The tour continued into the Jewish Quarter. It looks remarkably new compared to the rest of town. Our guide tells us about WWII and how this part of town became abandoned after Jewish families fled or the Nazis detained the people living here and sent them to concentration camps. It became a literal ghost town. The winter of 1945 was one of the coldest in Holland and reparations from the war had not yet started in this country. The Jewish Quarter remained largely abandoned so many people used wood from the floors, furniture, ceilings in these buildings to keep their homes warm. This part of town was not rebuilt until the late 1960’s in which it was supposed to look very modern. Now it just looks like something built in the 1960’s. We did learn many interesting facts pertaining to the Netherlands tolerance for all religions and therefore it had one of the largest Jewish populations in Europe. This conversation lead into the not only the country’s religious tolerance but also their tolerance of many other issues.
At this point our tour guide began to comment on the legal status of soft drugs (i.e. marijuana and other natural substances). The sale and consumption of Marijuana is actually illegal but not punishable in the Netherlands. Which seems silly to even write. Basically, the government allows licensed coffee shops to sell 5 grams or less of marijuana to customers so long as they don’t advertise, serve alcohol, serve minors, and don’t sell hard drugs. The government then taxes these businesses so they are actually making some money off of people smokin’ doobies. So strange. Our guide informs us of the reputable coffee shops that will sell you “good product” and warns us to stay away from anyone selling anything on the street. I’ll have to say this is definitely the first tour I’ve ever been on where pot recommendations are given verbally as well as marked on our free maps. Only in Amsterdam.

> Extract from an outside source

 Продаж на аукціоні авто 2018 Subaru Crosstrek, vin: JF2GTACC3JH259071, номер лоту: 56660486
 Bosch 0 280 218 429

The tour continues throughout the city and ends at Anne Frank’s house. We tip our guide and decide to go wait in line to go inside the museum. It’s actually very well done. There are a few short videos with Anne’s father speaking and some of Mr. Frank’s employees. As we wander through the house it is quite a sobering experience. None of the rooms are furnished any longer, but you can begin to picture the two families living in this small space. It seems unimaginable that they could see out the windows but were never allowed to go outside. If you find yourself in Amsterdam the Anne Frank Museum is quite worth it. On a side note, I’ve never seen a more interesting gift shop. They basically only one item, Anne Frank’s Diary. I’ve never seen so many copies written in so many different languages.
The next day we venture off to the Van Gogh museum in the morning. I’ve never considered myself to really appreciate modern art, but this museum was fascinating. The man painted in so many different styles. It was amazing to see how his techniques progressed. The museum also does a good job of telling a story about his life as you view his work. Although, it’s kind of depressing when the last sentence you read after viewing all of these masterpieces is, “And then he shot himself in the chest.” Way to go Debbie Downer. . . I was just starting to appreciate art.

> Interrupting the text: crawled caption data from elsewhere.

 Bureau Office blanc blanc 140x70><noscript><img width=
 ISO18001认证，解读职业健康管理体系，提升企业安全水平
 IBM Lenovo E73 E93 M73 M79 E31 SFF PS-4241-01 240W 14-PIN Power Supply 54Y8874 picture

After Van Gogh we decided to see the city by boat and bought tickets for a canal tour. It was interesting because all of the facts that were given about the city were stated in four languages. First in Dutch, then German, then French, finally English. I was a bit jealous that my French Canadian friend could here the tidbit of information moments before me. We learned that as the city grew more canals were built along with the expansion of the city limits. We also learned there is a housing shortage in this city so many people live on house boats in these canals. Some of these boats were quite fancy with little floating patios out front. Others looked like the boat had been dredged up from the bottom of the canal and forced to float again. I can almost picture these boats struggling to stay afloat.

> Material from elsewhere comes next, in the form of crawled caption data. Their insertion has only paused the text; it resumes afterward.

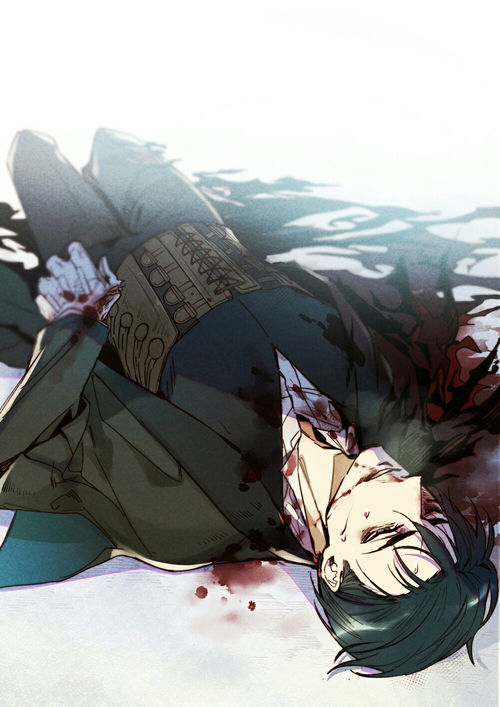 《女神异闻录6》首曝！玩家翘首以盼，全新角色系统引期待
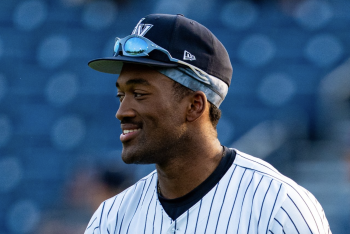 Top 30 prospects: Updated Marlins list includes 6 trade acquisitions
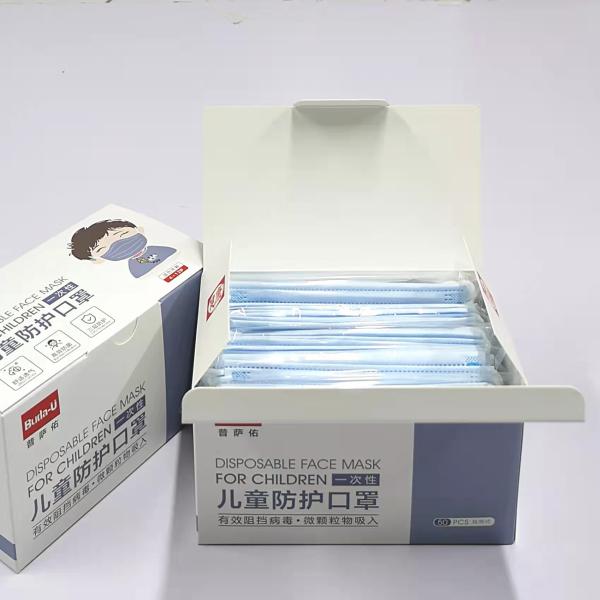 Лицевой щиток гермошлема устранимых детей устранимый, плоский тип, Breathable дети нося лицевые щитки гермошлема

The next night we took a guided tour of the Red Light District. Once again, our cameras were filed away so to avoid any trouble with the working gals. So before the tour begins we get a little lesson how this business works. Prostitution is legal in the Netherlands but streetwalking is illegal. So ladies must pay to rent a room or work out of a brothel. Pimping and trafficking is illegal and these laws are strictly enforced. Work permits are not issued to be a ‘working lady’ so all of the women in the windows are EU citizens. Health care is provided and once again, the government does tax these services. (Is it sad that prostitutes in Amsterdam have healthcare but I might not come February???) Anyway, ladies rent a window with room attached for an 8 hour shift for about 100 – 150 Euros. The steep prices for window rentals is supposedly to keep drug addicts from getting into prostitution. Women who have the money to rent the room are thought to be more likely to be clean since they can manage their finances. From there ladies sit in the windows and try to entice potential clients. They get to call prices and who goes into the room. They can say no to whomever they want. There are panic buttons for the girls by the door and by the bed. When a panic button is pushed, more than likely other girls come to the rescue even before the police. Our tour guide tells us he’s seen men who’ve broken rules and have been severely beaten by the prostitutes. . . he bets they wished the police had arrived first. Ok ok ok – it’s strange that it’s legal. Especially when we are walking around. We walk past window after window with girls in their underwear. I find myself smiling politely with each window we pass as if to say “I’m not judging, I’m not judging.”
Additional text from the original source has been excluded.